I just finished snorkeling my 01 kodiak 400 and I kinda took a little from both posts except I kept the stock battery but took out the air box. I was planning on putting one of those little cone filters on my breather intake and was wondering if that would work and if it would where can i find them?


----------



## Polaris425

Should work. Definitely need one on there if you took out the airbox. You should be able to get them from any ATV parts place. Your stock one might work temporarily.


----------



## gpinjason

smith25504 said:


> I just finished snorkeling my 01 kodiak 400 and I kinda took a little from both posts except I kept the stock battery but took out the air box. I was planning on putting one of those little cone filters on my breather intake and was wondering if that would work and if it would where can i find them?


That sounds like a decent idea... you might even be able to find one from Autozone or something... but you wanna make sure you buy the "dust cover" for it also... Let me know how this works out... I might wanna try it on my Kodiak.. 
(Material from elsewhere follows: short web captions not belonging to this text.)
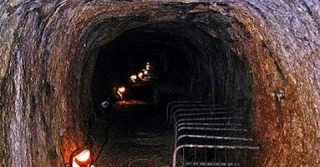 Η μεγαλύτερη ΑΝΑΚΑΛΥΨΗ στην Υφήλιο βρίσκεται στην υπόγεια Αθήνα…Τι κρύβεται εκεί και γιατί ΦΟΒΟΥΝΤΑΙ να το αποκαλύψουν; (ΒΙΝΤΕΟ)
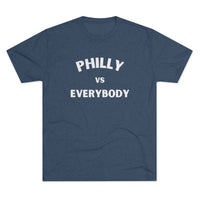 Philly vs Everybody Shirt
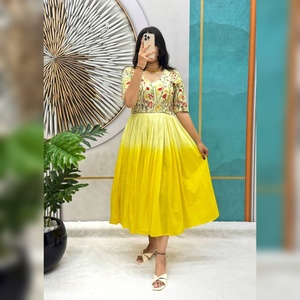 Mulmul Cotton Dresses - Lightweight Vintage Style 2025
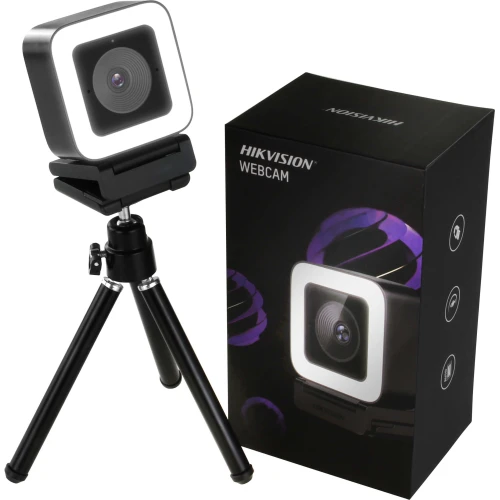 Webkamera DS-UL4 Hikvision 2K 4MPx USB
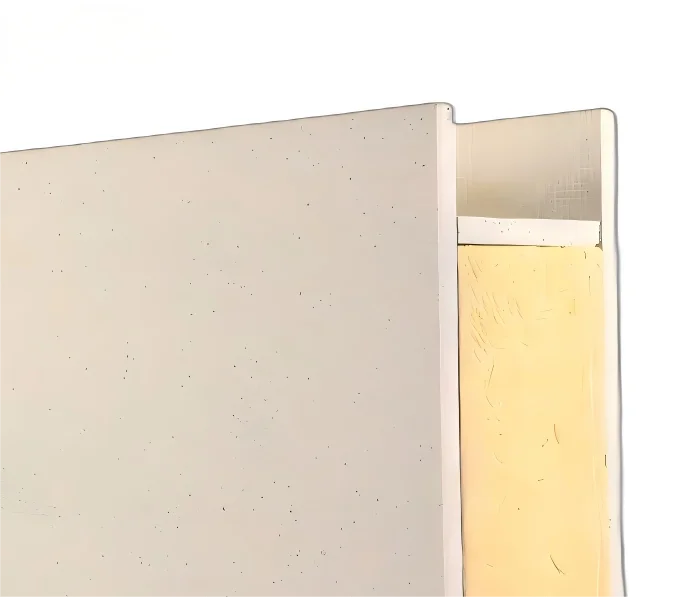 Fireproof MGO SIP Panel with EPS XPS PU Phenolic as the core manufacture magnesium oxide sandwich board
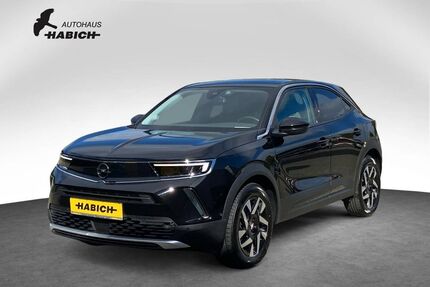 Opel Mokka Gebrauchtwagen
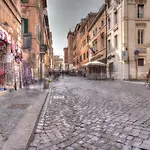 Few Steps From St Peter
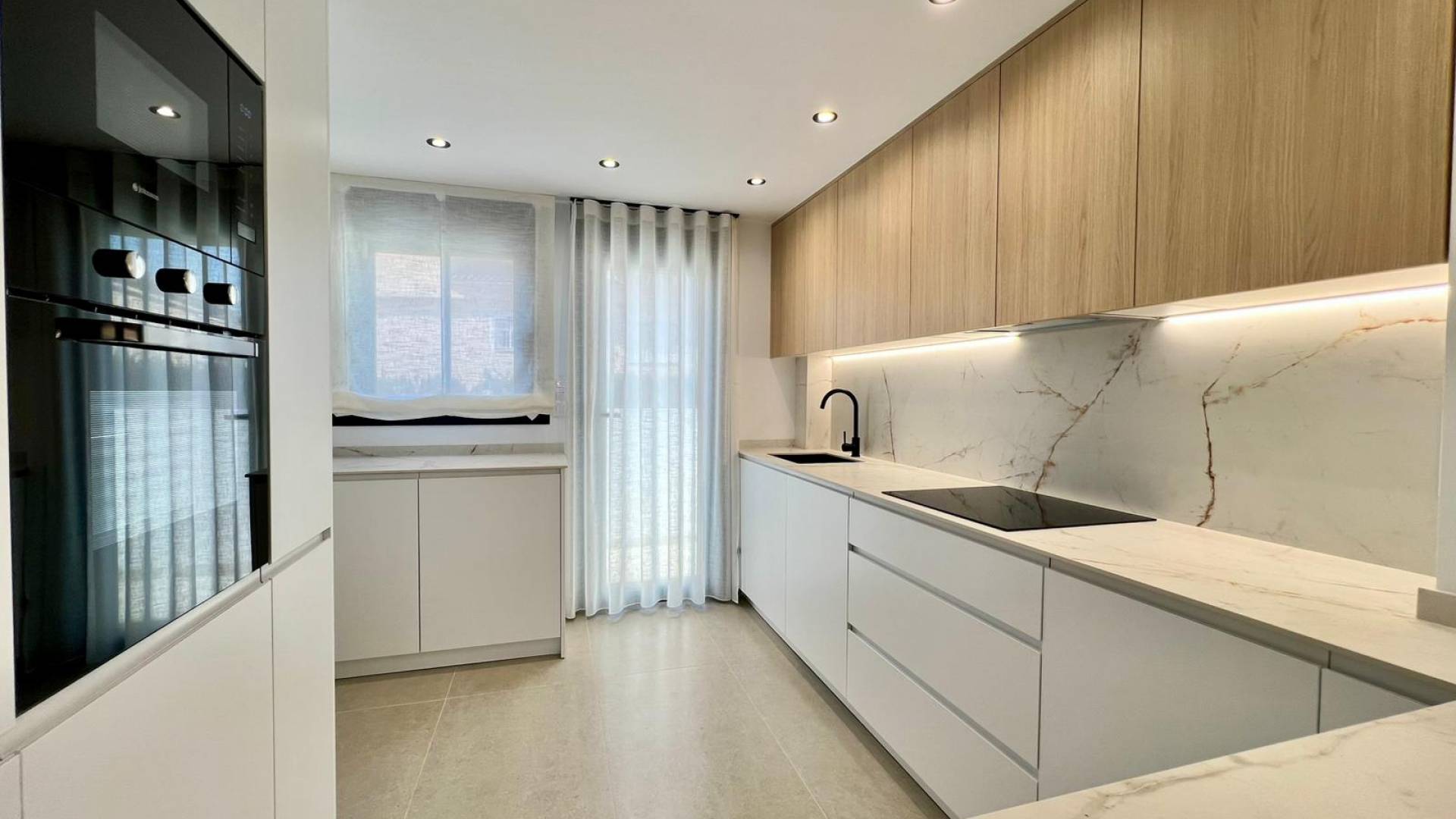 New Build - Townhouse - Benferri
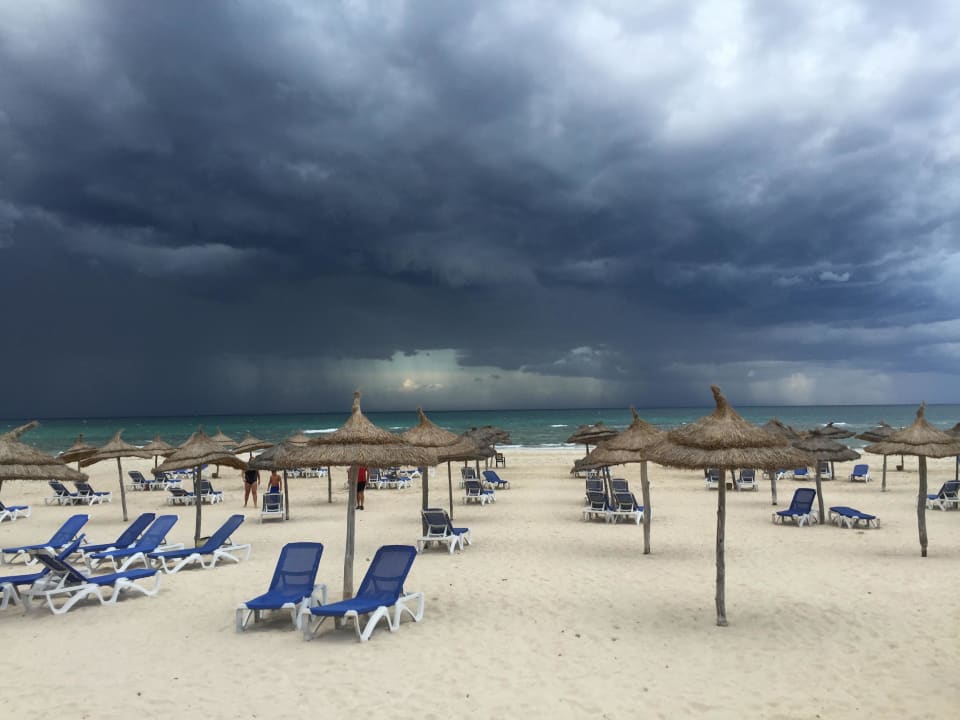 Strand Calimera Yati Beach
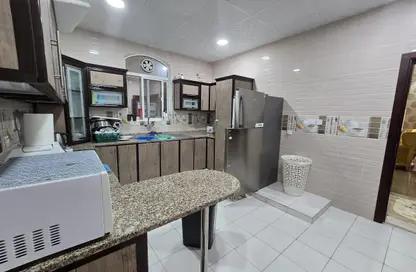 Villa - 5 Bedrooms - 7 Bathrooms for rent in Al Yasmeen 1 - Al Yasmeen - Ajman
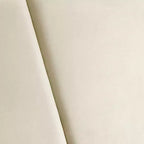Letto completamente imbottito Kealoa Glam, beige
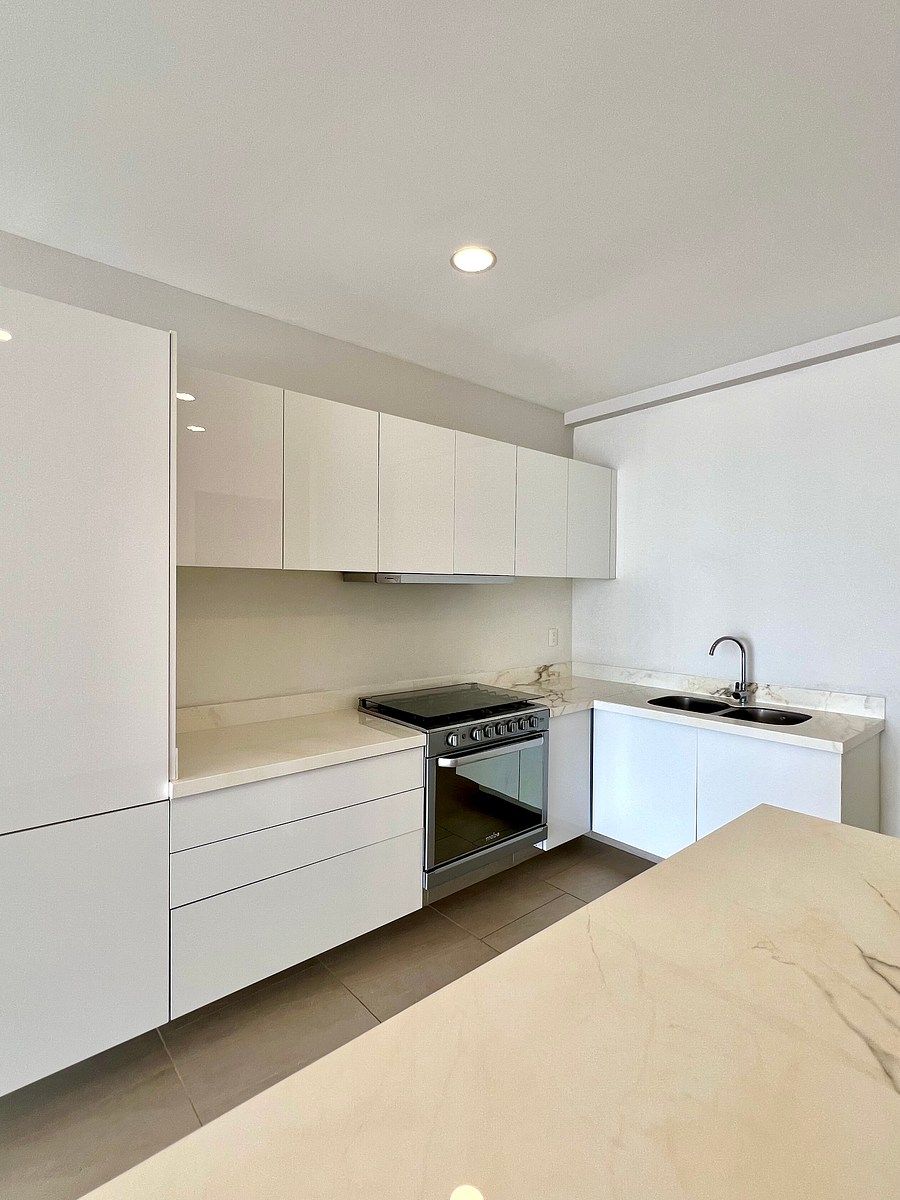Departamento en Francisco de Montejo, Mérida, foto 12 de 50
I wanna say that I read somewhere that removing the stock airbox causes some issues with airflow.. something to do with the "turbulence" that the box causes... might have been B.S., but please update us on how this works out :bigok:


----------



## mpr3369

Looks good. I did mine alittle different. I cut the hump off of the airbox lid and sealed it with 3/8" lexan. Then I put a pvc 90 in it. It works good.


----------



## blauer10

does anybody's air box get deformed from getting hot ?


----------



## sloboy

I have seen several wolverines do it. I just heat it up with the heat gun, put the lid on an let it cool.


----------



## bradyjean

how do you snorkel a Honda 500 2006 model the right way?


----------



## sloboy

Run 2" pipe all the way.


----------